I am going to Disney World this weekend with my mom, but my dad and sister have agreed to feed Toby separately so he can start his ZP tomorrow morning. And I actually have my mom considering putting Rocky on it too, so that's an improvement!


----------



## 20887 (Mar 16, 2011)

Adding water might make it easier for him to chew. Mine don't really like to eat it completely dry either. That is great that he likes it though- what a relief!


----------



## pupluv168 (Mar 7, 2012)

Missy, it really was a relief! Yeah, for meals water will be added. I just gave him a piece as a treat tonight to make sure he liked it, because if it was up to him he would just never eat again and I didn't want to waste any. Maybe he will love the ZP so much that he will actually eat!!!


----------



## hershey109 (Jan 11, 2011)

Good that he liked it.

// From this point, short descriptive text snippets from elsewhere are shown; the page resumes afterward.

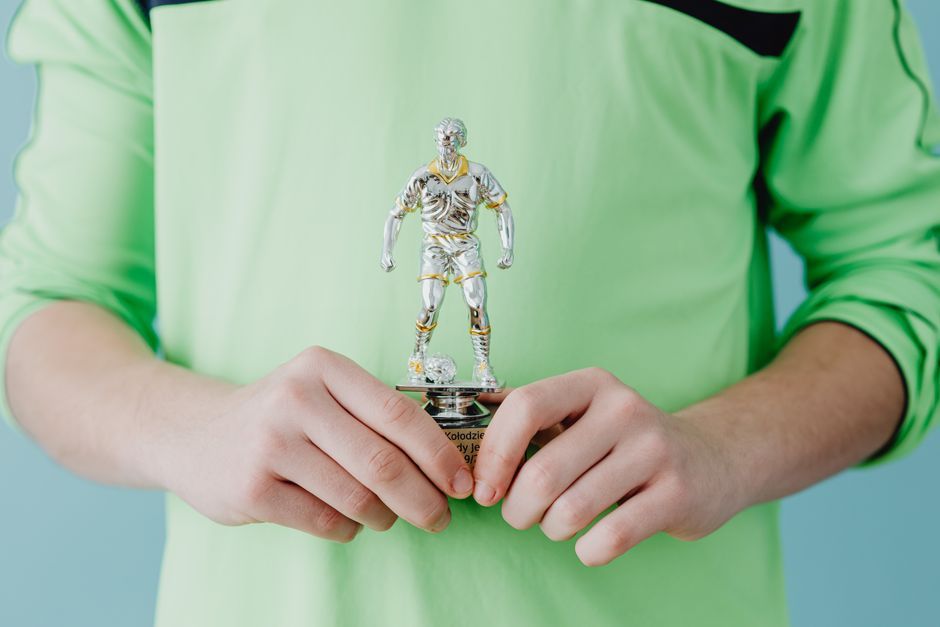 golden football trophy award close up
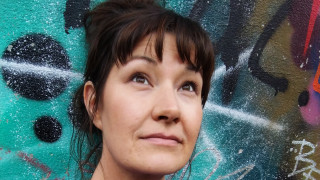 Satu Hotari, jolla on tumman ruskeat puolipitkät hiukset ponnarilla. Hän seisoo graffitin edessä.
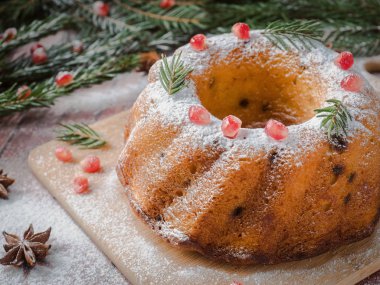 Christmas cake Noel süslemeleri ile bir çelenk şeklinde. Nar anason yıldızlı köknar ağacı dalları.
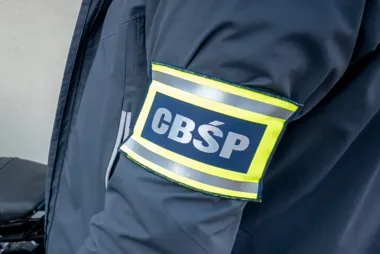 Fragment munduru funkcjonariusza z opaską oznaczoną skrótem CBŚP na ramieniu.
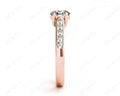 Round Cut 4 Claw Side Stone Engagement Ring with Channel Set Side Stones - 18K Rose - DG & Co. Jewellery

I cut my girls' ZP into 3-4 parts, then put water. They don't like the big chunks.

Have fun at Disney!


----------



## pupluv168 (Mar 7, 2012)

hershey109 said:


> Good that he liked it. I cut my girls' ZP into 3-4 parts, then put water. They don't like the big chunks.
> 
> Have fun at Disney!


Yeah, that is what I am going to do. Thanks!


----------



## ChewyandMilo (Jul 18, 2012)

What is ZP?


----------



## jesuschick (Dec 5, 2010)

Mine all swallow it practically whole the little piggies! haha! Even the little 3 pounder!
Since it is jerky-like it should be easy to tear up. He'll be able to scrf it down with the best of them in no time.
Good news!


----------



## pupluv168 (Mar 7, 2012)

It is short for Ziwipeak. It is air dried raw food from New Zealand. It comes in three flavors- liver, venison, and venison and fish. It is a completely balanced raw diet with the convenience of kibble, because you feed it just like kibble. It kind of looks like a jerky... It has meat, organ, bones, vitamins, fish oil, and minerals. 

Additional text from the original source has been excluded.